━━━━━ Working data

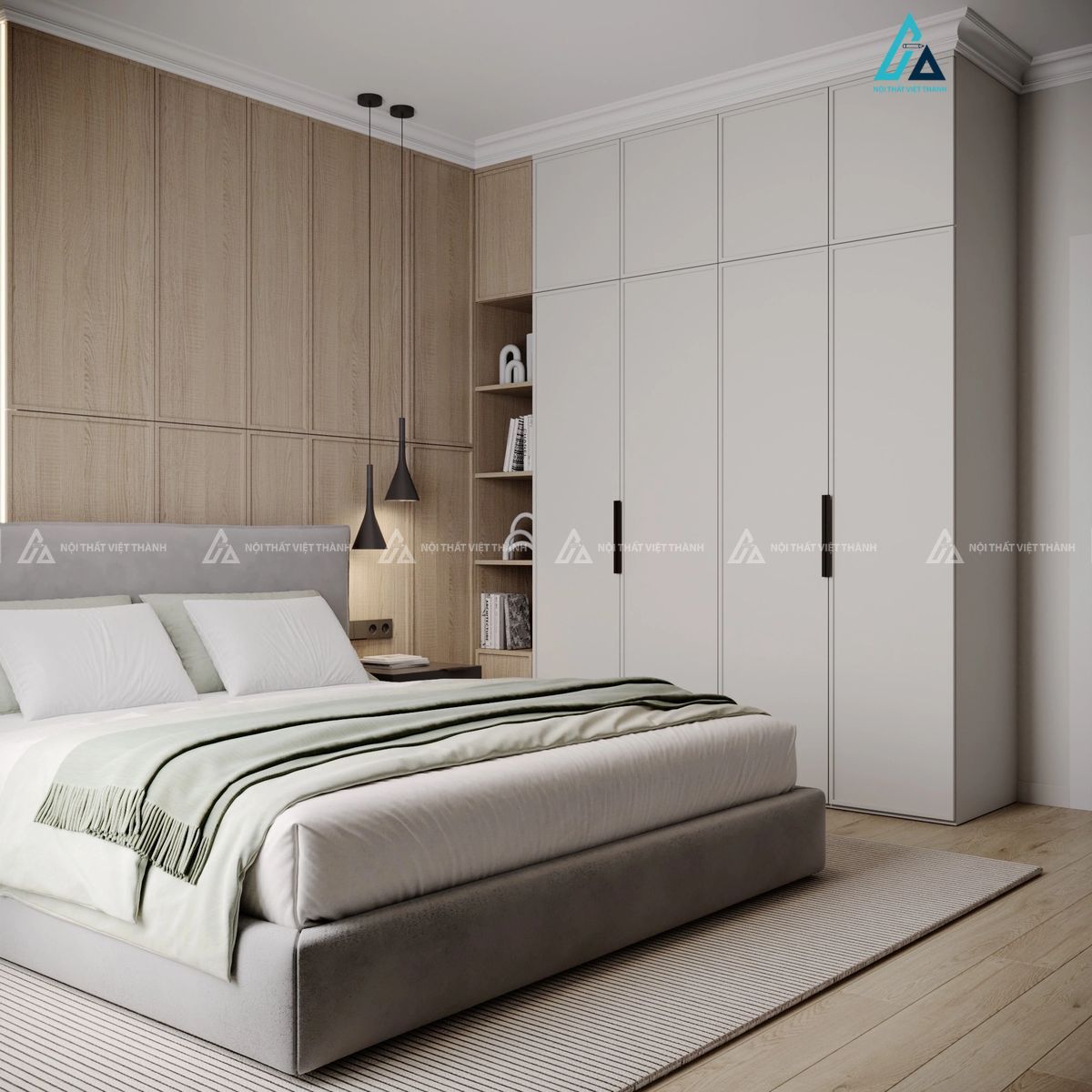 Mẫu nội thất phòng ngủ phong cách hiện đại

━━━━━━━━━━
━━━━━ Working data

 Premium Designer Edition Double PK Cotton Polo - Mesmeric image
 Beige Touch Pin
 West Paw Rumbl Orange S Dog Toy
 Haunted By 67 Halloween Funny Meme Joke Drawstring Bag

━━━━━━━━━━
━━━━━ Working data

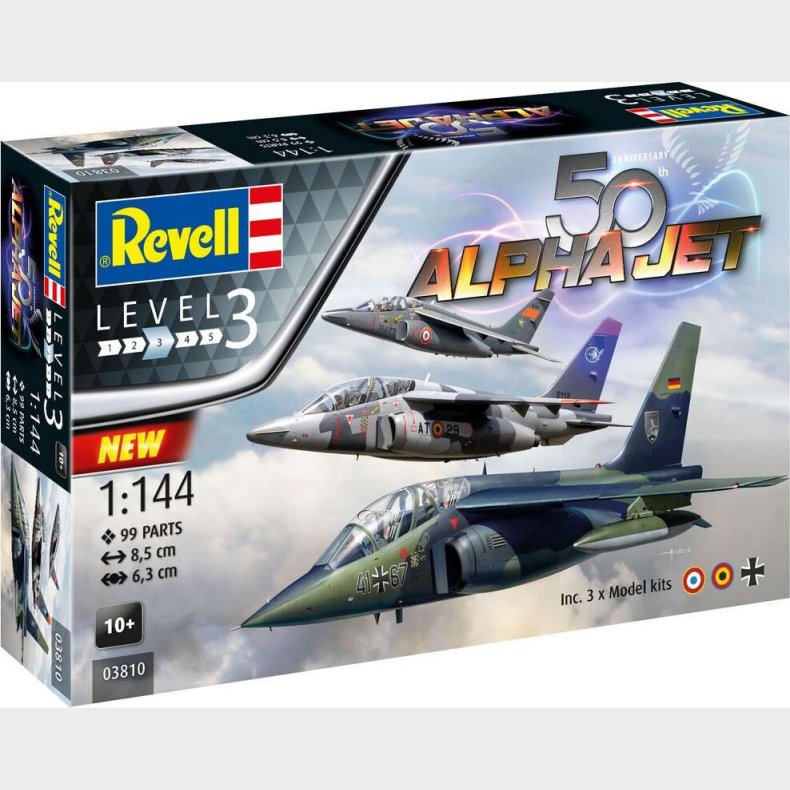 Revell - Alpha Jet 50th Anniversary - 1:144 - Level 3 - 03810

━━━━━━━━━━

Working from the material above, retype exactly the lines from the one with "Beige Touch Pin" through the one with "Haunted By 67", both included, and only those lines.

[Written solution]
 Beige Touch Pin
 West Paw Rumbl Orange S Dog Toy
 Haunted By 67 Halloween Funny Meme Joke Drawstring Bag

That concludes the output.